Cricket in the monsoon
The unduly long monsoons that lash our country prevent cricketers from playing as much as they would like. Usually, this period is devoted to playing county cricket, so our players get to inflict their ghastly game on the English viewers. This is beneficial to the cricketers, but sadly, it deprives the BCCI from earning as much as they could have if they were able to set up a few exciting clashes with our rival teams. The BCCI, however, is innovative. This problem cannot stump them for too long. I think the day is not far when an article, such as the following, will grace the sports pages of national dailies:
Cricket in the rain
In a desperate bid to revive cricket frenzy in the country, the BCCI, in a fit of enthusiasm, declared yesterday that instead of abandoning a rain-threatened match, they would provide all the players with umbrellas to continue the game.
This meant that the batsman would have to take guard with an umbrella in one hand, and his bat in the other. But it would be inhuman to suppose that the bowler could bowl holding his own umbrella. Thus the 12th man would be utilized to perform this service, by holding it and running after the bowler in hot pursuit.
This step will have two distinct advantages:
- The batsman would be considerably unnerved by the spectacle of two burly bowlers descending on him, and this would lead him to hit some rather shaky strokes.
- The 12th man would justly earn his bread, as he would be required to run 50 overs per day. (In case of the opponents of the Indian team, this figure may be drastically reduced)
In addition to the above, it will be necessary for the wicket-keeper to catch all catches with one hand. But if he dislikes this activity, he is welcome to (on payment of a token fee) purchase a container in which he may catch the ball.
Of course, the best solution to all these situations, that would combine wholesome public entertainment together with great reduction in costs, would be for all the cricket-playing teams to purchase the CRUMB or the CRicket UMBrella. This is a simple device that attaches itself seamlessly to cricketers’ helmets, caps, turbans, and any other headgear they may choose to wear. Certainly the BCCI would be pleased to be able to offer the CRUMB at a fabulously discounted rate of US$150,000 per piece. The governing body of other cricket-playing nations may also choose to purchase a set of 15 CRUMBS at a nominal rate of US$5,000,000.

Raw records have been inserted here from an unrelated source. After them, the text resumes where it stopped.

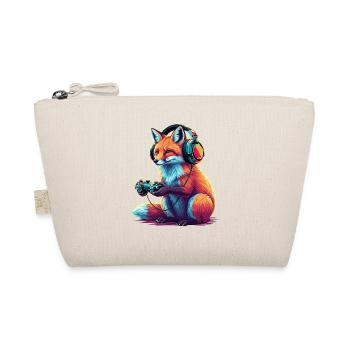 Fox Games Animal Video Games Funny Fox - Organic Pouch - nature - Front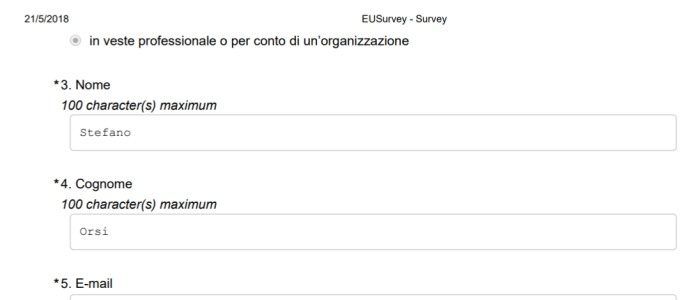 immagine di sondaggio europeo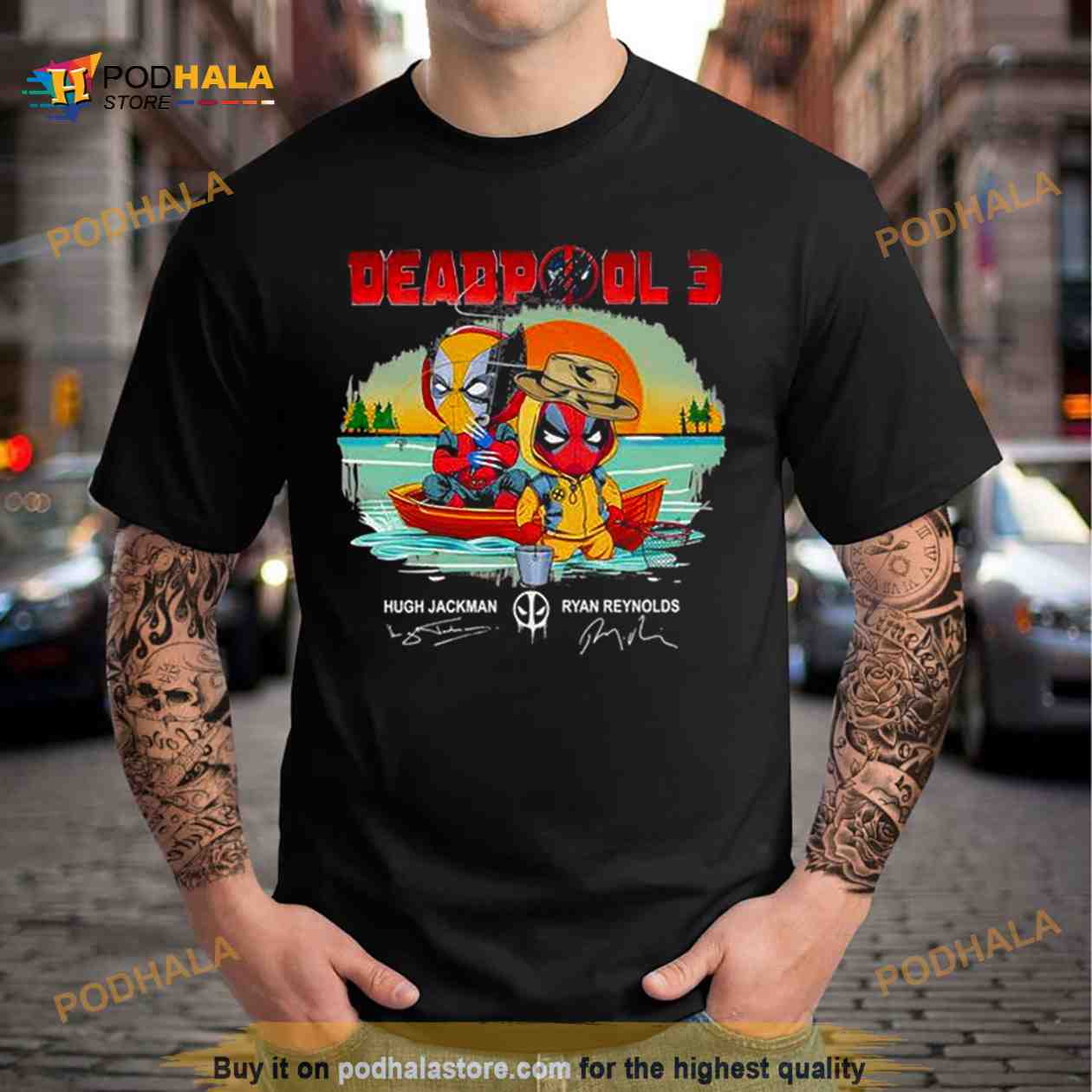 Chibi Deadpool 3 Signatures Shirt Chibi Deadpool 3 Signatures Shirt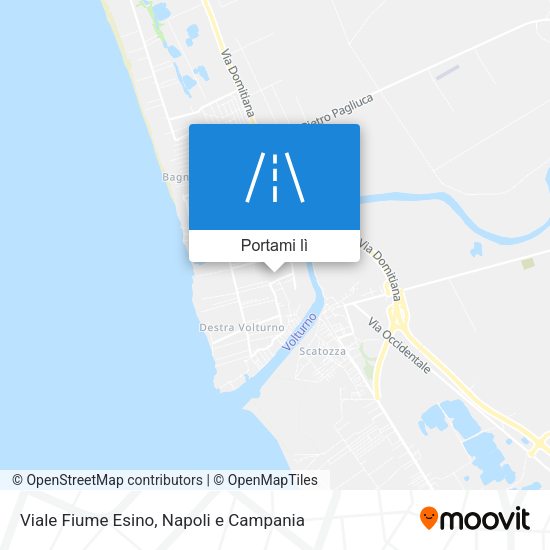 Mappa Viale Fiume Esino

With each purchase, the following are free:
- Ear-piece – skin-coloured, waterproof and cleverly concealed in the lining, perfect for communication with the coach throughout the match
- Raincoat – automatically drops down from the CRUMB at the press of a button
We urge cricketers to place their orders for the CRUMBs before it’s too late. After all, the special offer stands only as long as stocks last!
The rain in India,
In mainly near the Vindhyas,
But the cricket in the monsoon,
For the board, ‘tis a boon!
As the poet Henry Longfellow said, ‘Into each life, some rain must fall’!